The group was led by Mario Rossi, an animal embalmer, and Augusto Viel, an electronics technician. Mario Rossi was a former communist who wanted to unite the workers of Italy to prevent the return of fascism. Mario Rossi created the October 22 Group to unite workers after seeing their struggles in his everyday life. He was inspired by the numerous worker riots in the 1960s that occurred at the factory he worked at in Milan. He spread his ideals to his friends and that was the basis of the October 22 Group. Others in the group were former members of the Italian Communist Party who left because they were dissatisfied with the groups inability to enact change within the government

The October 22 Group was inspired by left-wing, anti-fascist, and Maoist ideology. The group did not explicitly want to overthrow the government and their only clearly defined goal was to organize the working class. The October 22 Group never expanded outside of Genoa and was only active for a short time. They would eventually expand to about a dozen total members who all wanted to enact change within their government. The group was named by the media because of a ticket found in Mario Rossi's pocket when he was arrested after a failed robbery attempt that ended in murder. Its political approach was Marxist–Leninist but among its members were also petty criminals and even a fascist, Diego Vandelli, enrolled in the MSI and police informer.

==Attacks==
The October 22 Group had a variety of targets including private citizens, private property, and particularly government property. Most of their attacks were not fatal. Like most Italian left-wing organizations, the movement used dynamite as their weapon of choice in their attacks. Of all the group's targets, private citizens were the most frequently targeted, including the abduction and ransom of the son of a wealthy citizen of Genoa. This was the first kidnapping done by an Italian leftist group and was successful. In 1970, Mario Rossi organized the abduction of Sergio Gadolla, son of a rich Genoa family, as a way of financing. From the action, the gang gained a 200 million liras ransom; most of the money, however, was raked off by Vandelli, who had acted as middleman. By then, the kidnapping was generally attributed by the press to the city's underworld.
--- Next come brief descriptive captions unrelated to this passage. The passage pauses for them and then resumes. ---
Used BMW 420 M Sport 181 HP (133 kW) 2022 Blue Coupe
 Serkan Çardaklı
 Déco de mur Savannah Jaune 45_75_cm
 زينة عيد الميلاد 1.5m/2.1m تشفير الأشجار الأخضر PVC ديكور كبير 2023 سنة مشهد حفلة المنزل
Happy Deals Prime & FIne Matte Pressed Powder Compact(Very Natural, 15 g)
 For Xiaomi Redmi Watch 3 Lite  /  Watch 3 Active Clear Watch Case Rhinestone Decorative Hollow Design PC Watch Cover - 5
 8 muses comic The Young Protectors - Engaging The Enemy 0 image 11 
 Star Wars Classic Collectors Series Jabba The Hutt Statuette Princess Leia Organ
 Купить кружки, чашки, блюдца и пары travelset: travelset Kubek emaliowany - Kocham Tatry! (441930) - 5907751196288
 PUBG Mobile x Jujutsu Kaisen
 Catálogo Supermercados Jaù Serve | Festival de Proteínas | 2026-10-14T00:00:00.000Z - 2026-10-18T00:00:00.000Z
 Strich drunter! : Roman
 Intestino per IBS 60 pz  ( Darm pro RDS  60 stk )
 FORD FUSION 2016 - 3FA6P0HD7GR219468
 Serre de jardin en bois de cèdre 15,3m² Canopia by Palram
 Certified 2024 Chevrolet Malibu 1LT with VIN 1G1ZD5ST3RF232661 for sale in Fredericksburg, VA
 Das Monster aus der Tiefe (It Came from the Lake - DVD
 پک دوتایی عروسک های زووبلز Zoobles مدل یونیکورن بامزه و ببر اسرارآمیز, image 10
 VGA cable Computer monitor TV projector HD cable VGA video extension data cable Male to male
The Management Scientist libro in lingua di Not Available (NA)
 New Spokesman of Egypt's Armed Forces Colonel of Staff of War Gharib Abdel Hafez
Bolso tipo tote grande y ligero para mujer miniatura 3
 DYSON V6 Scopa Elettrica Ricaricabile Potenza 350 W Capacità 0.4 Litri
On 26 March 1971, Rossi and Viel robbed a security officer who transported the wages for the Genoa Public Housing Institute's dependents. A delivery man of the institute, Alessandro Floris, tried bravely to stop the two raiders and was shot by Rossi. Floris was the first victim of the Italian red terrorism. (Later, Rossi has always denied firing to kill.) A passerby took a photo the moment when Rossi, on a scooter driven by Viel, pointed his gun against the body of Floris, lying on the ground in a pool of blood. The image, besides becoming a symbol of the years of lead, helped to identify the killer, who was captured the same day, after a long chase in the city's streets.

==Propaganda and grievances==
Along with attacking symbolic targets of state power and capitalism, like the United States consulate. The group spread their anti-fascist propaganda by hijacking radio or television transmissions and the members distributed pamphlets. The group used guerilla warfare in an urban setting to respond to grievances they had using a manual written by a revolutionary from Brazil as their guide. Originally they planned to do the guerilla warfare in the mountains but decided on an urban setting. One example of the group responding to a grievance they had was when the group bombed an oil refinery to protest high gas prices at the time with no fatalities.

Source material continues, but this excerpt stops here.